Tinkering With A Vintage Macintosh: Part 1
Hatkirby on September 9th, 2015 at 1:00:00amRecently, I came into possession of an original Macintosh 128K; you know, the January 1984 Macintosh that was previewed to the world by a confusing but extremely memorable SuperBowl ad involving a sledgehammer entering Bill Gates's face. The moment I laid my eyes on this beautifully old piece of hardware, there was but one thought in my mind: I have to write a retro platformer for this thing.
This statement doesn't require too much elaboration, but I will remind the world about my still-in-progress game "Aromatherapy", which was supposed to be an exploration platformer that twanged at one's retro heartstrings by presenting itself as the screen of a CRT monitor. An idea I was particularly proud of in the conception of Aromatherapy was that the monitor was supposed to start glitching and breaking more and more as you advanced in the game. A lot of the idea was based around how much nostalgia I have for a time period of computing I did not even live through. While I haven't worked on Aromatherapy in some months now (since March), I am interested in continuing work on it again when inspiration strikes me again. Until then, I've decided to occupy myself with a perhaps even more inane venture.
So, there's the goal: write a platformer for the Macintosh 128K. Whether or not this platformer runs on the Mac OS or is just 68k assembly inside a beautiful Macintosh box is yet to be decided. However, for this post, I have decided to focus on a slightly smaller goal: getting the Macintosh to boot. Therein lies the first problem of this post:
Problem 1: I do not have a Macintosh 128K system disk.

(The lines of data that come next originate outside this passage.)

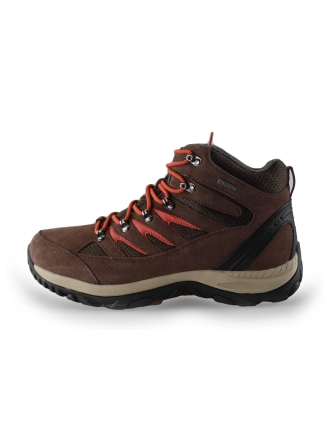  Travelin Wandelschoenen 242944
 [MAAT] 44
 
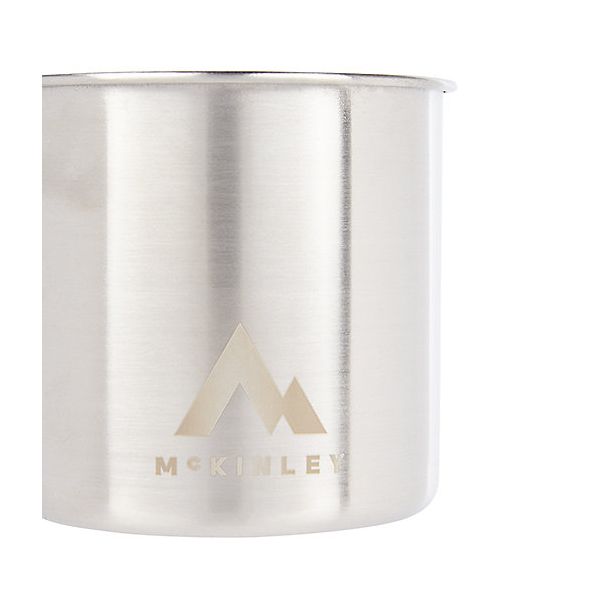 289310_Z9J_Q1?$produit_l$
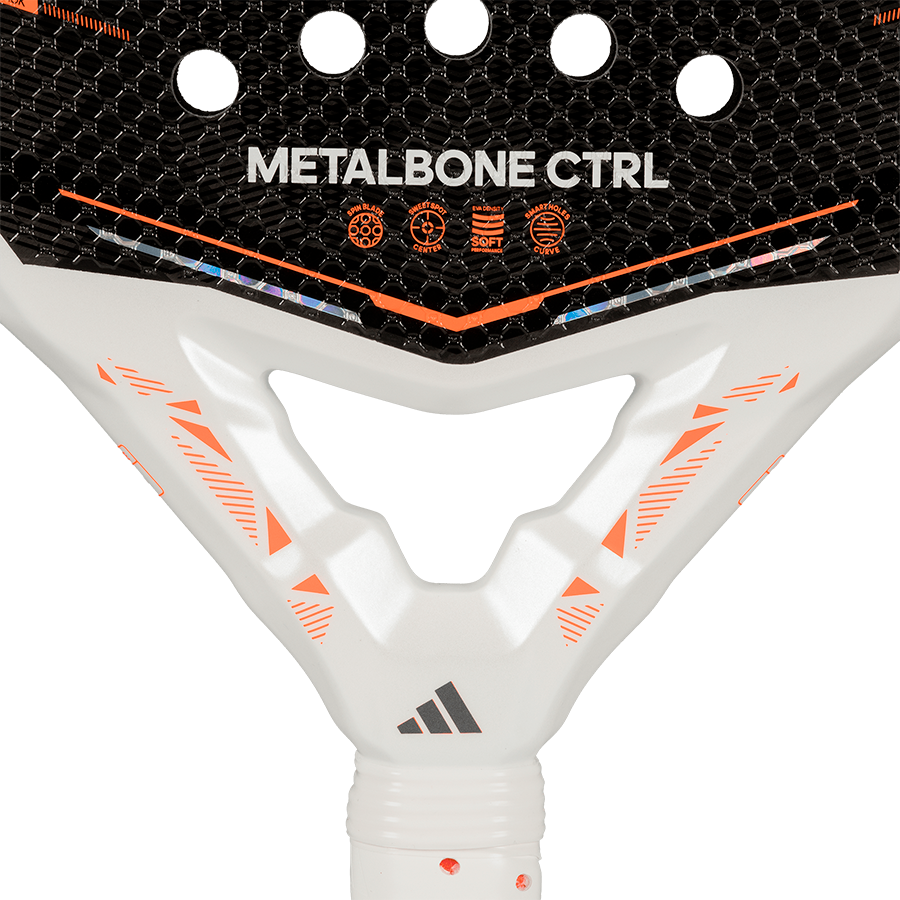 Metalbone Ctrl 2026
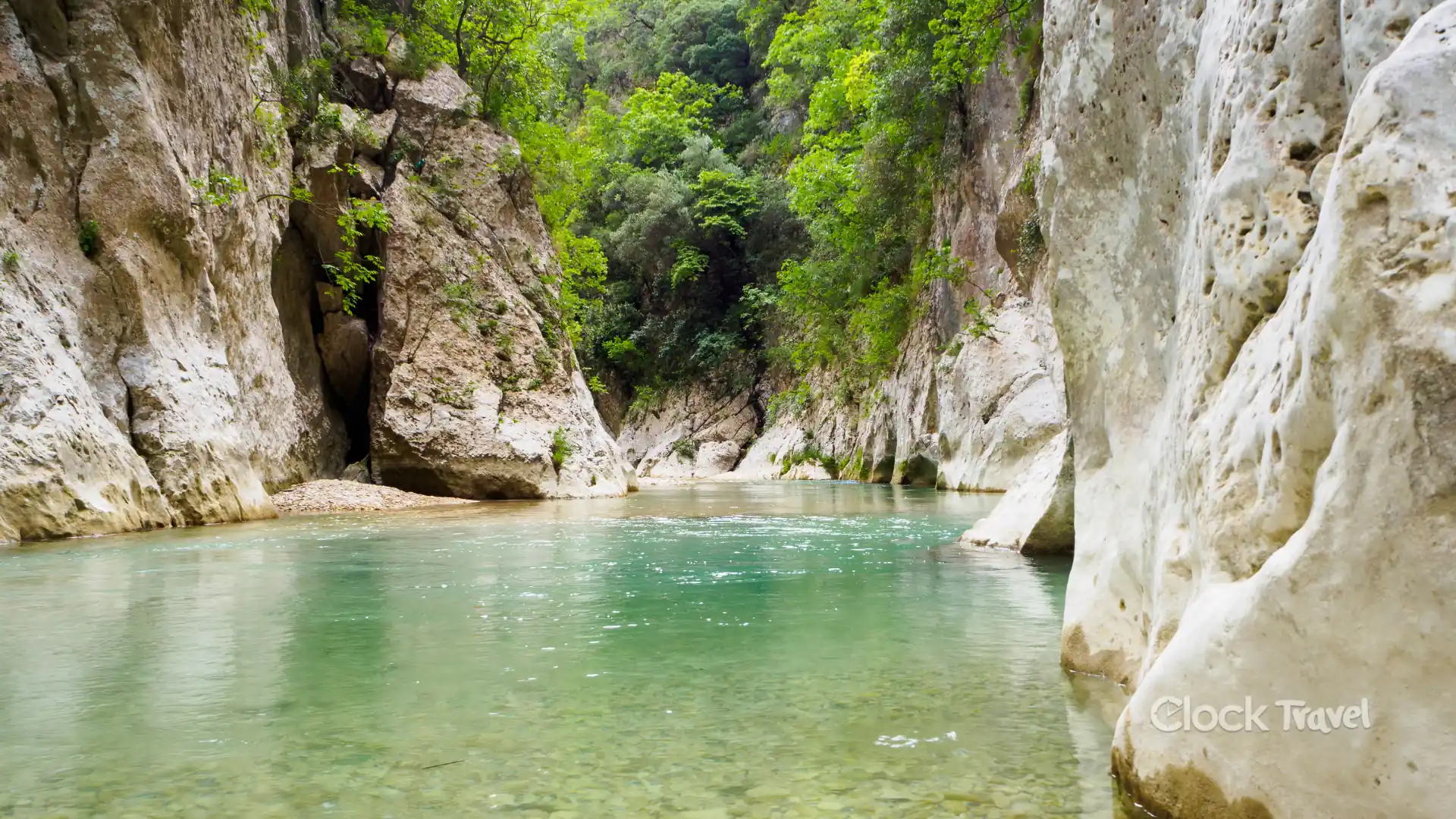 aheron-reka aheron-reka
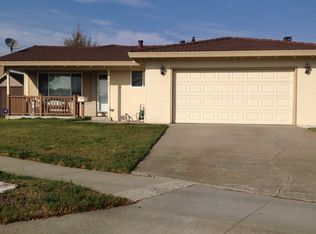 6435 Lupine Ct, Newark, CA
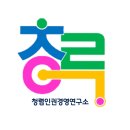 행정용 73 | 2025-73, 청렴의 고장 장성의 청백리 이야기(한국중부발전)(2025.6.19)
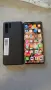 Huawei P30 Pro 256gb, снимка 1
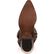 Crush™ by Durango® Women's Brown Heartbreaker Boot, , large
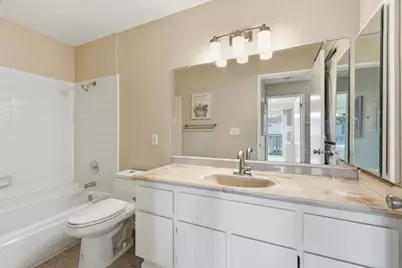 2427 Jubilee Ln, San Jose, CA 95131 - Photo 18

Now, it is possible that the simplest and most reasonable thing to do here would be to go on to eBay and try to buy myself a system disk, but that sounds extremely boring and we will not consider the thought of it for another moment. Besides, a lot of what I will describe in this post lays the groundwork for tools we will find necessary in upcoming posts. No, what I'm going to do here is make myself a system disk.
Everything I describe in this post is liable to be a function of the exact hardware and software I am in possession of. Here is the hardware that I will be using:
- Macintosh 128K (January 1984; the November 1984 model should also work)
- Powerbook 145B (what is relevant here is the existence of an Apple "SuperDrive", and the ability to run System 7)
- MacBook Pro 9,2 (mid-2012 with CD drive)
- Sony USB Floppy Disk Drive
- Techworks 3.5" 1.44MB Floppy Disks
- Memorex 3.5" 1M 2S/2D Floppy Disks
Here is the software that I will be using:
- Mac OS X 10.10.3 (Yosemite)
- System 7.1
- Disk Copy 6.1.3 (download, original)
- FUSE for OS X 2.8.0 (download, original)
- FuseHFS for OSXFUSE 0.1.4b (download, original)
- System 2.0 Finder 4.1 Disk Image (download, original)
- Stuffit Deluxe 4.01 (download, original)
We return to the problem statement. I have a Macintosh 128K and no system disk. My first thought was to just download a disk image from the internet (which I did) and then
dd
it onto a floppy disk. There are a few problems in the second part of that thought. The Macintosh 128K is only capable of reading from a 400K floppy disk.NOTE: This post was sitting in my drafts folder, incomplete. I didn't want to let it fester, so here it is.